Collective bargaining is a rule-making and decision-making procedure characterised by the direct, joint and exclusive involvement of workers’ representatives (unitary or trade union) and employers and/or their representatives, with a view to the conclusion of an agreement (usually a collective agreement).
It is based on the parties’ autonomy and is usually developed under legal (minimum) rules and the guidelines or criteria drawn up or accepted by the negotiating parties.
The normative nature of collective agreements, the most successful outcome of bargaining, justifies the fact that the latter must be subject to the provisions of the law, which recognises their legal validity.

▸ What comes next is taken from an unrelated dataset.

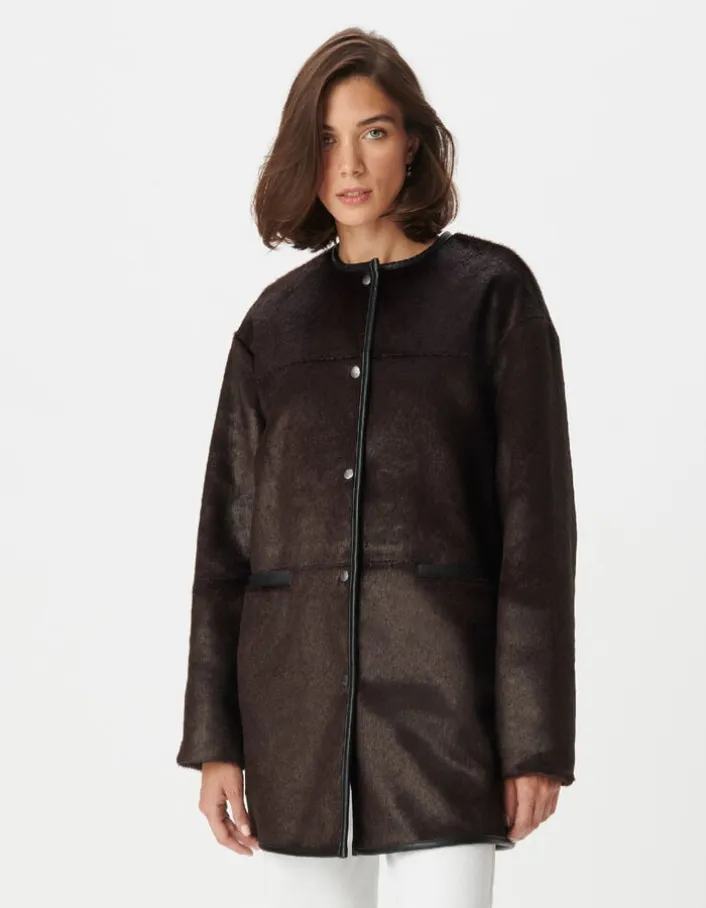 Manteau marron effet poulain Femme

In contrast to state regulations, collective bargaining is characterised by its dispersion: It takes place in different areas or bargaining units, delimited by functional criteria (professions, sectors of activity, etc.) and territorial criteria (State, autonomous communities, regions, counties, provinces or municipalities), and enables specific needs to be met that are difficult to regulate in a heteronomous manner by the public authorities.
The dispersion (and sometimes “atomisation”) of collective bargaining generates major articulation problems due to the abundance of collective agreements that seek to regulate the working conditions of employees in their different territorial and functional field and levels.

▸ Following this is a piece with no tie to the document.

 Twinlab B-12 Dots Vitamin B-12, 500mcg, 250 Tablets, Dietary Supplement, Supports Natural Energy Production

Its primary purpose is to create rules for disciplining working conditions, broadly understood. Still, it can and often is also used for many other purposes, such as the creation of channels of communication and participation between companies and their employees or between the representatives of one and the other. It can also facilitate the management of collective disputes.
The structure of collective bargaining is determined by the set of collective agreements, pacts and treats existing in a given industrial relations system and refers more specifically to the bargaining areas or units and their different levels, which means that issues of hierarchy, preference, complementarity relations and the articulation of agreements are part of the bargaining structure.
The structure is simple when a particular type of collective agreement dominates or prevails (company, branch of activity, inter-professional, etc.), and the other types of collective agreement are articulated around it. Conversely, it is complex when there is no clearly dominant bargaining unit. Still, several coexist (company and provincial, sectoral and occupational, etc.), which in turn may or may not be coordinated.
Coordination or articulation between agreements can be achieved by applying rules of hierarchy, which establish distinctions in rank between the different types of agreement, normally according to the size of the corresponding bargaining unit. This occurs by applying rules of delimitation and complementarity, which ensure an appropriate distribution of matters and functions between the different levels or units, and, finally, by applying rules of concurrence.
Unlike collective bargaining, the primary and ultimate aim of reaching an agreement or collective agreement, consultation is primarily aimed at bringing the parties into contact with each other to gather and exchange opinions, provide information or address a given issue jointly.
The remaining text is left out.